It hasn't worked that way. Sanctions-busting tactics, big and small, have mocked U.N. intentions.

In northern Macedonia, U.N. peacekeeping troops reported seeing herds of cows crossing into Serbia, each laden with canisters of gasoline. From Hungary, fleets of cars drive into Serbia and back again, each delivering a tank of gas to Serb drivers. On the Bulgarian frontier, trainloads of crude oil cross into Serbia past the unseeing eyes of well-bribed border guards. Greece is one of Serbia's few friends, and Greek-owned ships have delivered oil to the Serbs.

In Belgrade, almost everything is available. Ordinary citizens, unable to afford the high prices of smuggled goods - gas, for instance, is $8 a gallon - are suffering. But Milosevic and his cronies have set up 450 front companies in the Greek-influenced part of Cyprus to supply everything the Serbian strongman needs, including money, to stay in business.
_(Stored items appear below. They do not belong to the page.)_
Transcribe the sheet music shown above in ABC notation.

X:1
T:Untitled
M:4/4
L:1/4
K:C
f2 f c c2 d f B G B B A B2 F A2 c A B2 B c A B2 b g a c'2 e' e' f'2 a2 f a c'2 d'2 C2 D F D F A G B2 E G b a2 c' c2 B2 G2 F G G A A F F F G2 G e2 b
The embargo is enriching smugglers and black marketeers in Serbia. It is impoverishing and corrupting neighboring countries, like Bulgaria and Macedonia, that the West is committed to help.

Drugs flowing from the Middle East to Europe, which once went through Serbia, have been diverted across Macedonia. Some of the drugs stay behind, creating a narcotics problem where none existed before.

Mail from Serbia, supposedly covered by the embargo, goes north by rail to Hungary where it is sent by an international postal system that sees nothing wrong in honoring Serbian stamps.

The war continues, and Milosevic still rules. All reports say the embargo has persuaded most Serbs that the rest of the world is at fault, not their leaders, who are more popular than ever before.

``The sanctions have made the situation worse, increasing the likelihood that war will continue and spread rather than cease,'' said Susan Woodward, a scholar at the Brookings Institution in Washington.

Then there's Haiti.

According to reports from Port-au-Prince, military leaders get rich from smuggling, the professional class flees, and the poor suffer. More than 100,000 jobs have vanished, projects to provide clean drinking water have been postponed and the malnutrition rate among children has risen from 45 to 69 percent since sanctions began.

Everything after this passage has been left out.